[Start of Attachment]

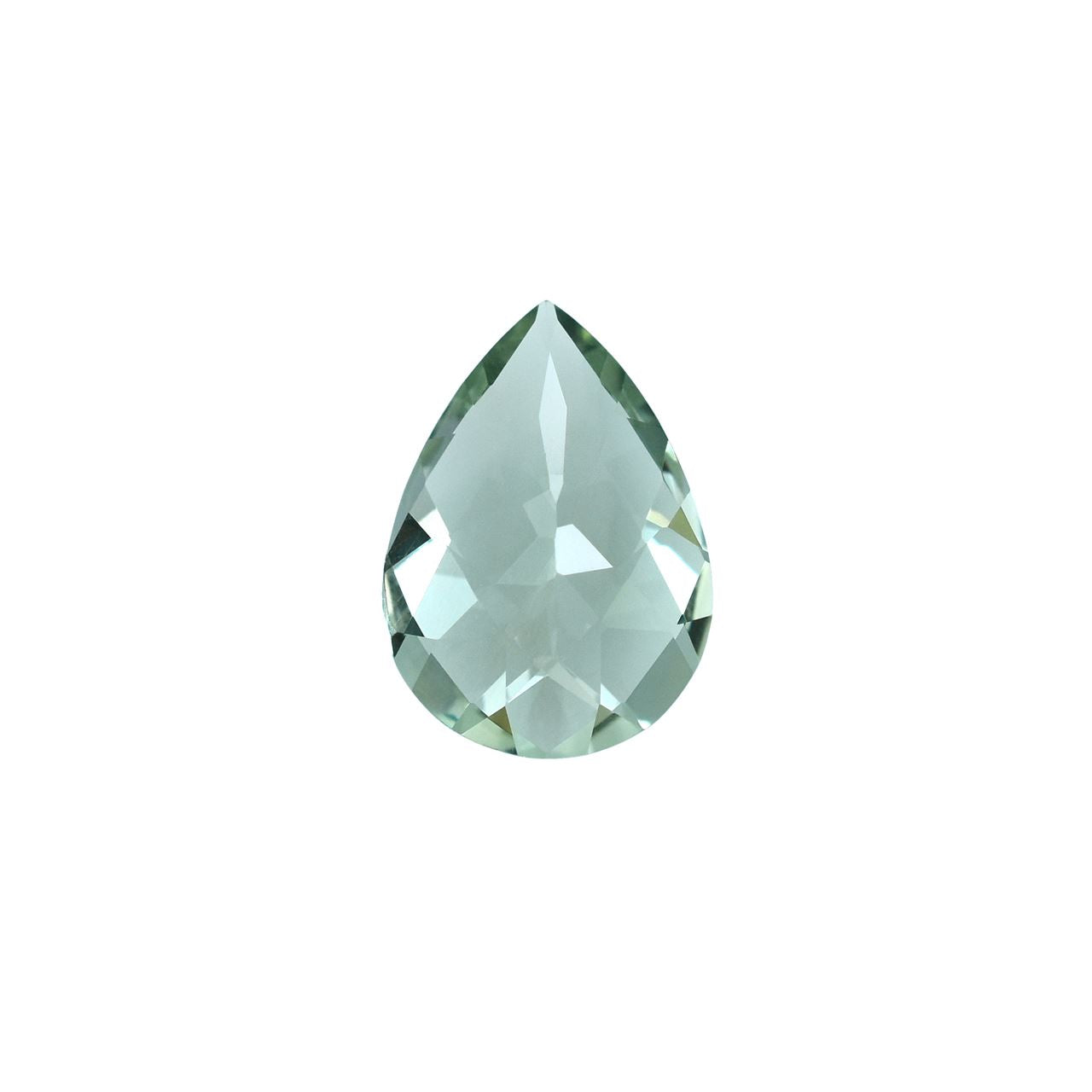 GREEN AMETHYST CHECKER CUT TOP PEAR (SPECIAL)(CLEAN) 14.00X10.00 MM 4.20 Cts.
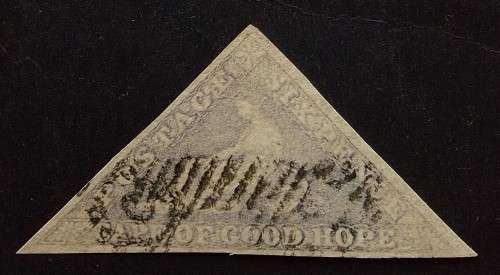 1853 sixpence slate purple cape of good hope ,used no gum has been hinged,has wm.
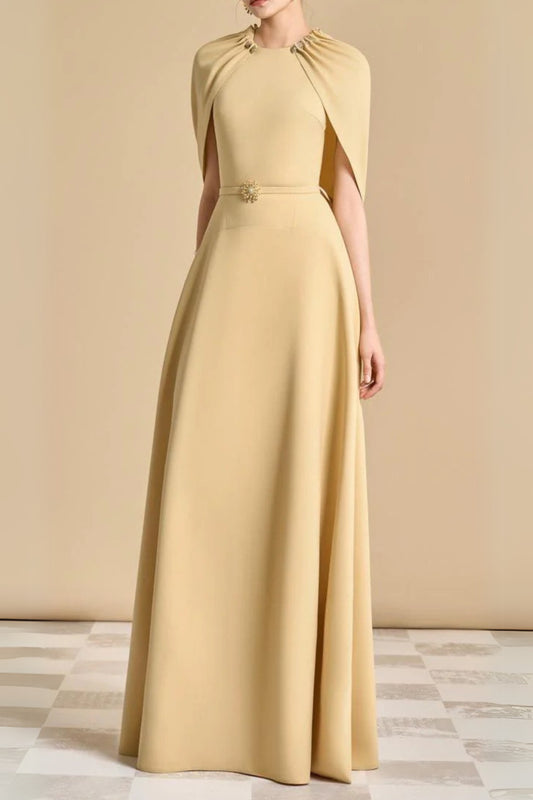 Jasmine A-line Cape Sleeved maxi Dress in yellow beige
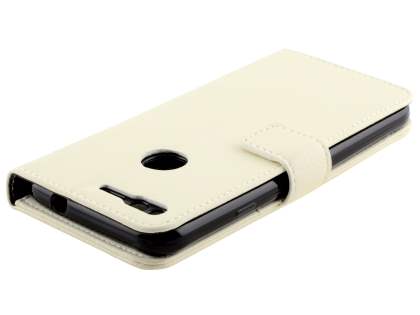 Slim Synthetic Leather Wallet Case with Stand for Google Pixel - White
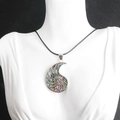 Spiral snail shell necklace with colorful abalone inlay on a black cord strap - Abalone Shell Style B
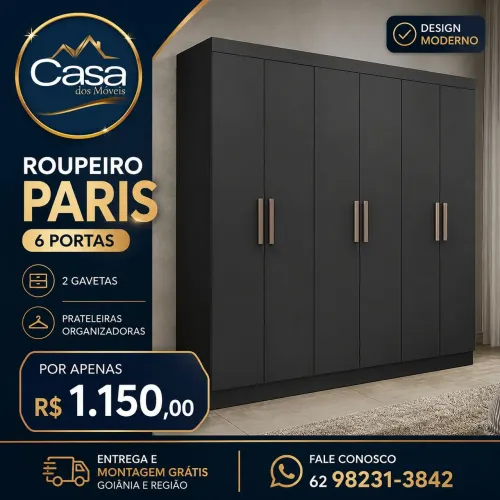 Guarda roupa Paris 6 portas preto 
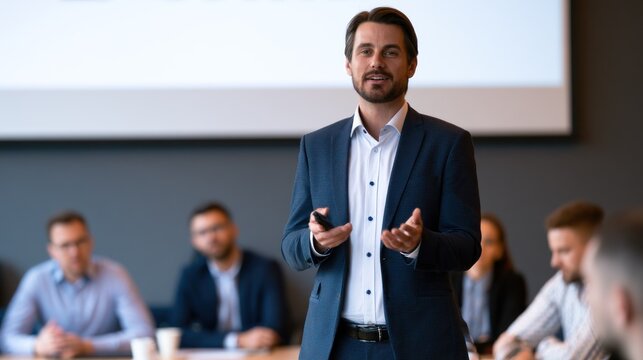A man in a suit standing in front of a group of people in a conference room, gesturing with his hands.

[End of Attachment]

Task to complete
Excluding images, output exactly the lines from the one that holds "Guarda roupa Paris 6 portas preto" through the final line of the material, both ends included.

Solution
 Guarda roupa Paris 6 portas preto 
A man in a suit standing in front of a group of people in a conference room, gesturing with his hands.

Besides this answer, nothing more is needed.